Expanding on prior protocols, 24 herbicide-amine residues were dried from a 2.0 mL aqueous solution of amine and herbicide at an equimolar concentration of 123 μM in a 50 mL glass beaker (VWR catalog number 13912-149), resulting in an expected amount of 246 nmoles of dicamba and amine each present (𝑛 𝑥 𝑒𝑥𝑝𝑒𝑐𝑡𝑒𝑑 , where x corresponds to the constituent measured). When the number of moles in solution were measured (𝑛 𝑥 𝑠𝑜𝑙𝑛 ), 2.3 mL of solution was prepared instead of 2.0 mL so that the additional 300 μL aliquot could be taken for derivatization and quantification of the amine. The solutions were dried in a fume hood at room temperature (~22°C) for 24 h before at least two beakers were extracted to determine the moles remaining in the herbicide-amine residue after drying (𝑛 𝑥 0 ℎ,𝑑𝑟𝑖𝑒𝑑 ). To determine moles lost during drying, we calculated the difference between the molar quantity expected initially in solution and the measured value in the dried residue after 24 h (𝑛 𝑥 𝑒𝑥𝑝𝑒𝑐𝑡𝑒𝑑 -𝑛 𝑥 0 ℎ,𝑑𝑟𝑖𝑒𝑑 ). We chose 24 h because it allowed for evaporation of all visible water from the beaker. To measure volatilization from residues at high temperatures, the remaining beakers containing the dried residues (prepared in triplicate) were then placed on hot plates at elevated temperatures for a time (t) before extraction to determine moles remaining (𝑛 𝑥 𝑡,𝑑𝑟𝑖𝑒𝑑 ).

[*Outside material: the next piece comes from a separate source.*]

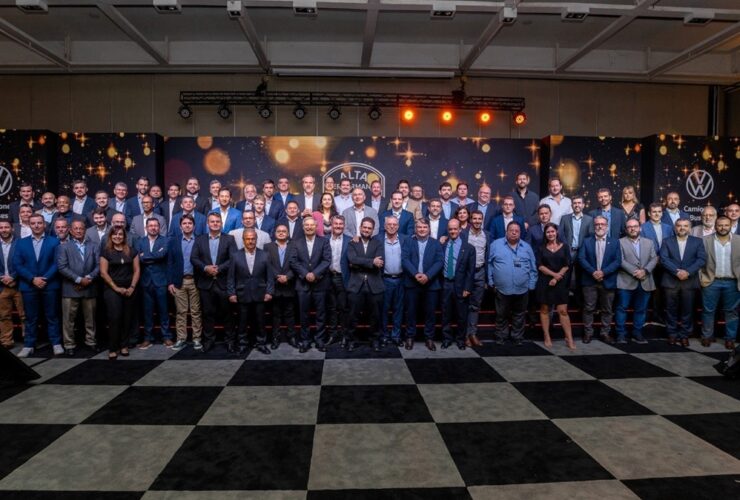 VW Caminhões e Ônibus turbina portfólio para ganhar mercado no exterior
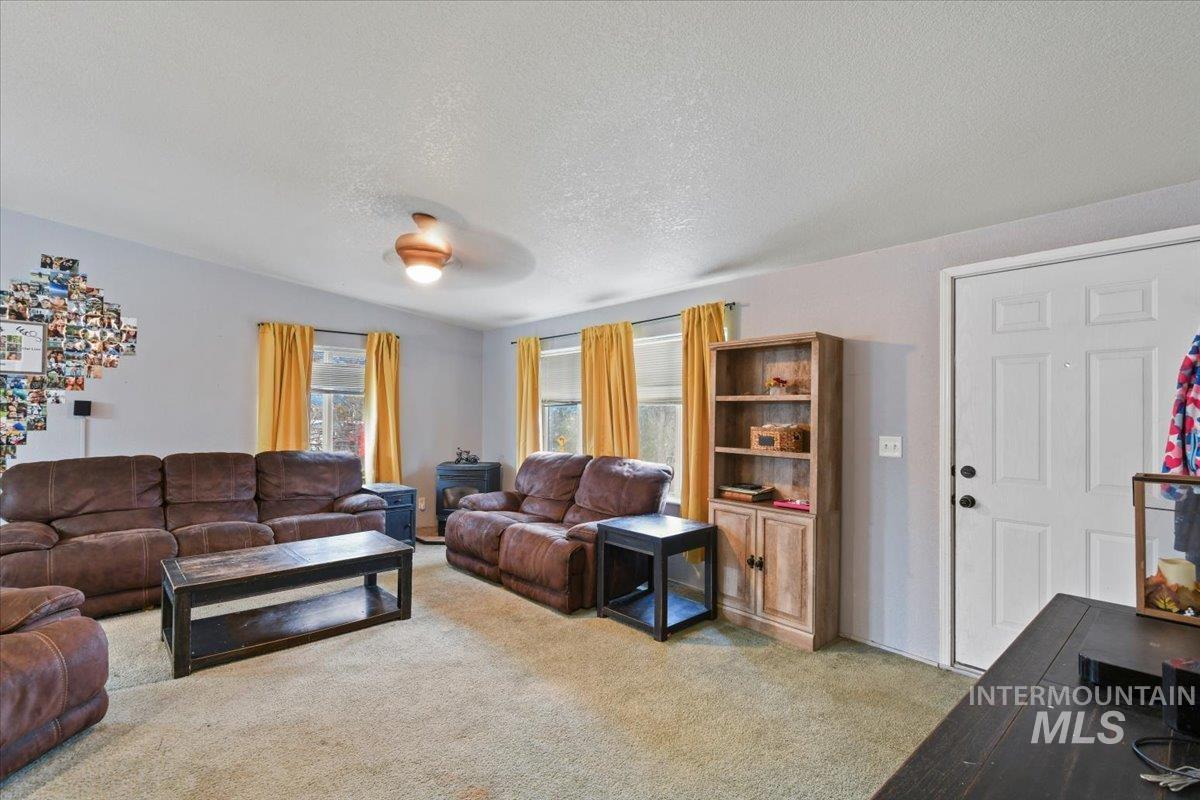 139 E South Slope Rd, Emmett, Idaho 83617-9032, 3 Bedrooms, 2 Bathrooms, Residential For Sale, Price $319,900,MLS 98969429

To compare losses from the residue phase, we elevated the temperature to 40°C for 48 h before measuring remaining molar quantity to calculate the difference in moles remaining (𝑛 𝑥 0 ℎ,𝑑𝑟𝑖𝑒𝑑 -𝑛 𝑥 48 ℎ,𝑑𝑟𝑖𝑒𝑑 ). We chose 48 h
for most experiments because it allowed for enough volatilization for comparison between the different herbicide-amine salts. To control for any environmental conditions (e.g., relative humidity) that may influence results, all data included in individual figure panels were collected from experiments conducted simultaneously.
Residues were extracted with 2 mL of a 50/50 (v/v) acetonitrile/water mixture (SI Section S2). To improve subsequent analysis, samples containing glyphosate were instead extracted with 2 mL of 100% water (SI Section S3). Each extract was divided into 1 mL for direct quantification of dicamba or 2,4-D (when applicable) and 300 μL for amine and/or glyphosate derivatization. Extracted aliquots were stored at 4°C in 2 mL vials until derivatization or quantification. Amines and glyphosate were derivatized using 9fluorenylmethyloxycarbonyl chloride (FMOC-Cl) based on a prior method 46 (SI Sections S4, S5). Dicamba, 2,4-D, derivatized amines, and derivatized glyphosate were quantified on HPLC-UV (SI Section S6).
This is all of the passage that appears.